▶ **YOUR OBJECTIVE**:
The answer must consist of every line from the entries that holds the word "Ford".

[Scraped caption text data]
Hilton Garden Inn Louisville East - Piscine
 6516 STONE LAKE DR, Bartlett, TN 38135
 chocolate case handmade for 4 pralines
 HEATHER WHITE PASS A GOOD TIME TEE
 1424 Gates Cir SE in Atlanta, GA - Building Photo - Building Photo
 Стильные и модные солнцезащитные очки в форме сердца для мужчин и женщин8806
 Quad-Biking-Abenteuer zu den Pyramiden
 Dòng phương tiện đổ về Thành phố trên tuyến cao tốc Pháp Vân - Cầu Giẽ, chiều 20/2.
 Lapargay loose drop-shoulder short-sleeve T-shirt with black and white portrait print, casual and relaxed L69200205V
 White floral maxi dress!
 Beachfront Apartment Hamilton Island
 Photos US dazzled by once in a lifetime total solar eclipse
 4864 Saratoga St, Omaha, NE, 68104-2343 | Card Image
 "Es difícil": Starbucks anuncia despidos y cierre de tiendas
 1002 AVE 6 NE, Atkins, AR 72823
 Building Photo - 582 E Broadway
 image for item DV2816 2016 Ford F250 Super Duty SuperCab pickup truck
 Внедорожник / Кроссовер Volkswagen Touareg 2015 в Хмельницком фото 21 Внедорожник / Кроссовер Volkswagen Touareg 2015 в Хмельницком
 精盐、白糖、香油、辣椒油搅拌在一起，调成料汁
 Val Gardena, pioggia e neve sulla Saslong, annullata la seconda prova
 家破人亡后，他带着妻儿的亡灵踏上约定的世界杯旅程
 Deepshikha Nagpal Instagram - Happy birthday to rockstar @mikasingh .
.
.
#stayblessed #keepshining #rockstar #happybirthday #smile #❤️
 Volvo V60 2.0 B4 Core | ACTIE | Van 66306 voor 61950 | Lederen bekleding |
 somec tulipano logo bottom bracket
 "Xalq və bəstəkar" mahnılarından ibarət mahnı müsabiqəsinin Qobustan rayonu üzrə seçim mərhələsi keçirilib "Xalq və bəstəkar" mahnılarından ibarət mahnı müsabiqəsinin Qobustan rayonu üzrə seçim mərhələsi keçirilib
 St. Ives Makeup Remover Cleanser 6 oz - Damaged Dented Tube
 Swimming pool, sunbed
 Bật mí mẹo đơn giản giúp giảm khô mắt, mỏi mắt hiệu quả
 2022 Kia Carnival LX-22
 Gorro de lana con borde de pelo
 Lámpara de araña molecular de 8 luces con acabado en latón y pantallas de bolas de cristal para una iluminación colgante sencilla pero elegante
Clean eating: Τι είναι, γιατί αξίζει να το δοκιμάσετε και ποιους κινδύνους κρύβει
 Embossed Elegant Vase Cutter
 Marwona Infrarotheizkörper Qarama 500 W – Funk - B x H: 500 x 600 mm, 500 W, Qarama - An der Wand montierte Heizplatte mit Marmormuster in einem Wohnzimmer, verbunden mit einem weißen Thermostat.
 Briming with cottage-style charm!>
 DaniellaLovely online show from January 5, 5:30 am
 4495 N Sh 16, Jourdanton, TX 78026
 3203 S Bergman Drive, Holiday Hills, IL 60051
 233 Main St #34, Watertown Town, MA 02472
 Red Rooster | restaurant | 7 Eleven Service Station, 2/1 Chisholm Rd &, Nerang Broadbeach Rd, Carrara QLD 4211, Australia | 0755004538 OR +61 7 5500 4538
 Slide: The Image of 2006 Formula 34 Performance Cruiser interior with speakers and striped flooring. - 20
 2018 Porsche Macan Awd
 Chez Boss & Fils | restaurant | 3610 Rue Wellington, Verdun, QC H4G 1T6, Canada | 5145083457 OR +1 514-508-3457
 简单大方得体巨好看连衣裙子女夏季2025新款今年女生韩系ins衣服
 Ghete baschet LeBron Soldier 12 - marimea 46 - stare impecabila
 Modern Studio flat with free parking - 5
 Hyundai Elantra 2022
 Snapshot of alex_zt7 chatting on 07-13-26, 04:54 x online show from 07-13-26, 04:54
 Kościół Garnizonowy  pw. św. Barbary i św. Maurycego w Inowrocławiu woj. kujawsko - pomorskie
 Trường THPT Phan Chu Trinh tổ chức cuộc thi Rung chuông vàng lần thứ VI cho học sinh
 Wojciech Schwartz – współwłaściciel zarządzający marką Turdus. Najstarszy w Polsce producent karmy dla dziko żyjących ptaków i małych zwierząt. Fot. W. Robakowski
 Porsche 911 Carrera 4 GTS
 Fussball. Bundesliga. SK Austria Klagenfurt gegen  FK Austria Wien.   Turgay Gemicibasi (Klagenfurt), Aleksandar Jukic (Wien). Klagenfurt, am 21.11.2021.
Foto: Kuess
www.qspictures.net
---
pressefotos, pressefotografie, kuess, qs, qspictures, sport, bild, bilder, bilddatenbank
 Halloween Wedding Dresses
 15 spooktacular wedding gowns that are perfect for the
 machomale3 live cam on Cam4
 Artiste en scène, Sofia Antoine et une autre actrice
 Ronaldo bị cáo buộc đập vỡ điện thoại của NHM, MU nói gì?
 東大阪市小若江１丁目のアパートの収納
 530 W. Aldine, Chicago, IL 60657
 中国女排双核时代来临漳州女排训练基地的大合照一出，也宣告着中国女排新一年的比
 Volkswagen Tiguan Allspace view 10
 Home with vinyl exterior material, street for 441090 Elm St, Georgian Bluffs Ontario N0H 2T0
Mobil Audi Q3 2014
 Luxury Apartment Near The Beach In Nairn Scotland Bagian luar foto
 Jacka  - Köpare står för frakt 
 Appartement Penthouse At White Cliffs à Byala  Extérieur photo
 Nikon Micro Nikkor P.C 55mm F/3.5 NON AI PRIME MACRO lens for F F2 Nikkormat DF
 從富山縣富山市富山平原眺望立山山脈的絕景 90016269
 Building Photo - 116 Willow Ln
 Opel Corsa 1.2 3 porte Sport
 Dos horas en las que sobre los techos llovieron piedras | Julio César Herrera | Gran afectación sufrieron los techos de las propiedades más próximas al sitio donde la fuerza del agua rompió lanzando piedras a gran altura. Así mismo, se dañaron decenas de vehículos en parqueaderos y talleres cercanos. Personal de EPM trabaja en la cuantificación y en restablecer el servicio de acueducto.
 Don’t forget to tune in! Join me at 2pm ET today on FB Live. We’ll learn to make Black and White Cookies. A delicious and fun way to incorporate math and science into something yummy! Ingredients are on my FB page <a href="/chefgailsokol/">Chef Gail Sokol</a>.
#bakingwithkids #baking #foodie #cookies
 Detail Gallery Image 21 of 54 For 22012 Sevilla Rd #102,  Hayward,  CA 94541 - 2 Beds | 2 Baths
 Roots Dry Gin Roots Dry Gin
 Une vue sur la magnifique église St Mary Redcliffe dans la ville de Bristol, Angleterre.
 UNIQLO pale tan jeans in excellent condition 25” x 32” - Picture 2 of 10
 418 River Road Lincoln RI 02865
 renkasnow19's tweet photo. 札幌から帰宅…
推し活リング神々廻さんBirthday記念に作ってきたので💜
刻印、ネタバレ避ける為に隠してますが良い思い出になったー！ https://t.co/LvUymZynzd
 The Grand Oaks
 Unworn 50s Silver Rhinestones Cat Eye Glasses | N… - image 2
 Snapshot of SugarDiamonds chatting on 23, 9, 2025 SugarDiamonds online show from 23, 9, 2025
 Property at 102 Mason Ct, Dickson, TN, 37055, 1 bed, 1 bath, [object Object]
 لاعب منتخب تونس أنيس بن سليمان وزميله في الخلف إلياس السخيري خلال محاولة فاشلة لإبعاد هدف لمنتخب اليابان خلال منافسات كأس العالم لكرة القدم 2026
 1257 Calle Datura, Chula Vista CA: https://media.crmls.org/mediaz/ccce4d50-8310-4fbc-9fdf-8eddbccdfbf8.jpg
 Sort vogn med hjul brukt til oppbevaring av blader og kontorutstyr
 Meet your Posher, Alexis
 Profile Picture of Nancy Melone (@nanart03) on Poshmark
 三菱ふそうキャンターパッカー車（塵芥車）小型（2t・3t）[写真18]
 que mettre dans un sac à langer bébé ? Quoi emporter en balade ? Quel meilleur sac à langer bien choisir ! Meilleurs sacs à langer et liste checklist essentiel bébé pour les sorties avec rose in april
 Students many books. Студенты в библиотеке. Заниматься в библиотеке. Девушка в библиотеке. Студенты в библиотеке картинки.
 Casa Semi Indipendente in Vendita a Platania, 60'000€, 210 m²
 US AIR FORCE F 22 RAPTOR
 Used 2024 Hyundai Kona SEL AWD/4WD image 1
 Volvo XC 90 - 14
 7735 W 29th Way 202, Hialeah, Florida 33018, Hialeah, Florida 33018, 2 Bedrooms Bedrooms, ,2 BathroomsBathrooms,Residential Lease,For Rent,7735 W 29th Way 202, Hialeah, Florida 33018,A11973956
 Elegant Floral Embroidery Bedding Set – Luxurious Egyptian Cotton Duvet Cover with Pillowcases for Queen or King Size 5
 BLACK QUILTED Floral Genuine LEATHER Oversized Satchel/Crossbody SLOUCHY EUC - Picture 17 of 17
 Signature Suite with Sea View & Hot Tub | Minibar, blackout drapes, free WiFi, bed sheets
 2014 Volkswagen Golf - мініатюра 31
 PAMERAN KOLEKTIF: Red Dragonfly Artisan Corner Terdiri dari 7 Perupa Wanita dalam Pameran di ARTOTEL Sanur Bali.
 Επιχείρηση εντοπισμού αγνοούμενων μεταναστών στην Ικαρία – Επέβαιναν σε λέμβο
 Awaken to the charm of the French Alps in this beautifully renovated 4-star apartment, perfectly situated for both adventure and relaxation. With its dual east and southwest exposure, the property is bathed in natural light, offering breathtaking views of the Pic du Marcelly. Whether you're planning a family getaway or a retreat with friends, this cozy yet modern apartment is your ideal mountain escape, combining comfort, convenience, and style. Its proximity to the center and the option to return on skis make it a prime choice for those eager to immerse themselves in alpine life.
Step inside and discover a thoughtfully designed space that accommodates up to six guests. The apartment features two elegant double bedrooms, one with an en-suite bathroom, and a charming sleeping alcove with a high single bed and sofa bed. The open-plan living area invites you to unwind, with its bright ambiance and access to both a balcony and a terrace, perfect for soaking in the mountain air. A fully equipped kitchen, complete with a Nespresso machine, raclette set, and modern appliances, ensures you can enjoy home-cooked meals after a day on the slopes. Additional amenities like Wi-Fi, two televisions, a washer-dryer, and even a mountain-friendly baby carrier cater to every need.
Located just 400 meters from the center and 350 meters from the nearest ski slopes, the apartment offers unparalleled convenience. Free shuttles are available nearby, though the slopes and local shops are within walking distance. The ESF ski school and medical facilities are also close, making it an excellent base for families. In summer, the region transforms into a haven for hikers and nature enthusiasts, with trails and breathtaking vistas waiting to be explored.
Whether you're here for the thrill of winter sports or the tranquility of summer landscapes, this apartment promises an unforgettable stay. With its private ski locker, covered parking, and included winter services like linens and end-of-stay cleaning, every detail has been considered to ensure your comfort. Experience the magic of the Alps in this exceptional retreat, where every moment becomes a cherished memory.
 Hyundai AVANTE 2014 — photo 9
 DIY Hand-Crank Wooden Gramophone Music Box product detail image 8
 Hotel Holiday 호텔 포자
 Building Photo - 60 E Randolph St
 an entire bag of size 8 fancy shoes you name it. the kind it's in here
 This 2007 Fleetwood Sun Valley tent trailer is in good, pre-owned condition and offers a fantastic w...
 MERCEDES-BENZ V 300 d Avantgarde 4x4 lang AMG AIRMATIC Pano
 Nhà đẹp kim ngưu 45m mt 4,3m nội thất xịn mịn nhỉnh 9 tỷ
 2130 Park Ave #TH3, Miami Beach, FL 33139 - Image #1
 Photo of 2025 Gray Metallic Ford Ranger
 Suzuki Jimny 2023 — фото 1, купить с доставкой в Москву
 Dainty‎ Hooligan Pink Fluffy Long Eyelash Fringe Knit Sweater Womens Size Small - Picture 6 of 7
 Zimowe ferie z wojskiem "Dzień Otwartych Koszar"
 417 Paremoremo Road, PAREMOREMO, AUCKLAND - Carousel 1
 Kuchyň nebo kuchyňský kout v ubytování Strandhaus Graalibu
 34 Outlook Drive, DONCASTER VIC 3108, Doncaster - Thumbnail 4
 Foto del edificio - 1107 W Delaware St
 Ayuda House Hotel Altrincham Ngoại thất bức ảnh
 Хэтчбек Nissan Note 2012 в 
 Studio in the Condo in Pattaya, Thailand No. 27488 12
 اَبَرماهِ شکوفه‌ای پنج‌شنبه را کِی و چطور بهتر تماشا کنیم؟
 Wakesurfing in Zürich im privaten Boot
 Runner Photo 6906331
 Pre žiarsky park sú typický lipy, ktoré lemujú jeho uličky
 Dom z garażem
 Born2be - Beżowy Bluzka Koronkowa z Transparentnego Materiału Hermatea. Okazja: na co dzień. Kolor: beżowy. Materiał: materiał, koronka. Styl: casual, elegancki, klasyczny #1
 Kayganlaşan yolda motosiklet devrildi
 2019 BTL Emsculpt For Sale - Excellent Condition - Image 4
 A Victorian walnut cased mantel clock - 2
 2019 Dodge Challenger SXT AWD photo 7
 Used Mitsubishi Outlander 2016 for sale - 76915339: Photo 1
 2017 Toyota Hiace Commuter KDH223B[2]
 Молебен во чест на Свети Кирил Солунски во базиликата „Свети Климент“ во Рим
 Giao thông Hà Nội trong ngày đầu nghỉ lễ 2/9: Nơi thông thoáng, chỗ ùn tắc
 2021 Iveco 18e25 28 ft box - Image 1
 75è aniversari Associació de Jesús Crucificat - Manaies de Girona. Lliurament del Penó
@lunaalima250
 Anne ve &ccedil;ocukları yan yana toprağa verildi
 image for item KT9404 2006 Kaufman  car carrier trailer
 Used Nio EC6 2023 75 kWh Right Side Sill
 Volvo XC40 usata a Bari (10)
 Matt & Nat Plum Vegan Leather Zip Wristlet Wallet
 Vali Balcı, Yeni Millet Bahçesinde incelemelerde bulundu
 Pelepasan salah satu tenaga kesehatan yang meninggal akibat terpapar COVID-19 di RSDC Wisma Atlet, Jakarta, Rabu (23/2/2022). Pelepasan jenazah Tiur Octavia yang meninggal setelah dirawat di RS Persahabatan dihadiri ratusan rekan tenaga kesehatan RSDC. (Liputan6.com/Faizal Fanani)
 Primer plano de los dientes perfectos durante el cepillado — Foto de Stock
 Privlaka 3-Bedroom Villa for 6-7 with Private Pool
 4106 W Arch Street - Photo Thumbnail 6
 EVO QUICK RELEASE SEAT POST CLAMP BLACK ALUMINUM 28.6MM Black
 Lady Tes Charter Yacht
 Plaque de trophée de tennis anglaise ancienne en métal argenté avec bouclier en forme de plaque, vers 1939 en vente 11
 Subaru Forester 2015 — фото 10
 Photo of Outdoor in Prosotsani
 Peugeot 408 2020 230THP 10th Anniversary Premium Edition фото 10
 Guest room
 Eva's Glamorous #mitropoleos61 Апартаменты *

▶ **ANSWER SPACE**:
 image for item DV2816 2016 Ford F250 Super Duty SuperCab pickup truck
 Photo of 2025 Gray Metallic Ford Ranger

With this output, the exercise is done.